Y es en esa dicotomía individuo /sociedad ─ en la que, como diría Freud, a menudo se borran los límites entre la normalidad y la anormalidad─ donde se hace necesaria la presencia de buenos modelos humanos, y no de arribistas y "chapuceros" de tres al cuarto, que solo invitan a pensar aquello que un poeta anónimo dijo referido a "Mío Cid":

─ Dios qué buen vasallo, si oviesse buen señor.

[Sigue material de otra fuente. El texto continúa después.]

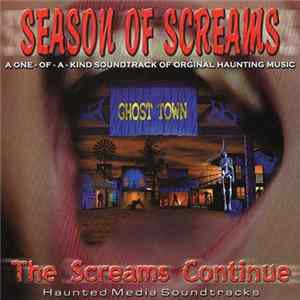 Season Of Screams - The Screams Continue Mp3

El sentido de pertenencia a la colmena es la verdadera sustancia que impregna y que proyecta nuestras vidas: el tibio aroma que da sentido a nuestra Navidad.
El nacimiento de un niño vendría a ser en la cultura cristiana la representación de lo que de “divino”, de misterioso, y de frágil, se encierra en el corazón del hombre; las bodas entre el Cielo y la Tierra; el espíritu de la fraternidad universal, que canta a los cuatro vientos:

─ “Como parte del cosmos, participas
en la fiesta, en la orquesta, y en la danza,
por más que creas insignificante
tu vida, apenas nota imperceptible,
tal vez desafinada, en el concierto.
¡Nunca nadie podrá quitarte ya
la dicha de vivir, de haber vivido!"

La praxis de lo que para unos pudiese parecer mera teoría la aporta el hombre con su personalísimo “sello”:
El pasado domingo, día 5 de diciembre fallecía en Sevilla un joven ciclista, atropellado por un vehículo.
El autor de tan deleznable crímen fue un joven conductor con las neuronas desquiciadas por una trágica mezcla de droga y de alcohol. Algo que en la sociedad actual es el pan de cada día.
Hasta ahí, como queda reflejado en los periódicos del lunes, día 6, todo perfectamente “normal”.
Lo hermoso es aquel pequeño párrafo en el que se dice que la desafortunada familia “ha donado todos los órganos” de su hijo, para beneficio de posibles receptores.
Qué terribles circunstancias las que viviría esa familia; y qué generosidad la suya al ofrecer la más preciada de sus joyas para encender una llama de esperanza en otras vidas.
A partir de este gesto, ¿a quién le resultará fácil ver una sombra de maldad en las pupilas de los hombres, o señalar el delito con el dedo tieso?
¿No fue Cristo quien murió para redimir a los hombres?
También Él tenía treinta y pocos años; y también como Él fue un árbol frondoso y joven, cuyas ramas desperezaban un bostezo a las primeras luces del día, como para atrapar el cielo con sus manos, y con sus raíces la esperanza de un verde mineral.
También, como Él, se topó en su camino con un golpe seco y traicionero que segó su fértil vida de un tajo.
Y también, como Él, nos ha dejado para esta Navidad un regalo: un mensaje de amor, escrito a sangre y fuego, como quien desafía a la muerte con un gesto comprensivo y amable:

─ “Y pues la vida es tiempo, el relojero
te dio una hora preciosa la ventura
de compartirla al borde del sendero”.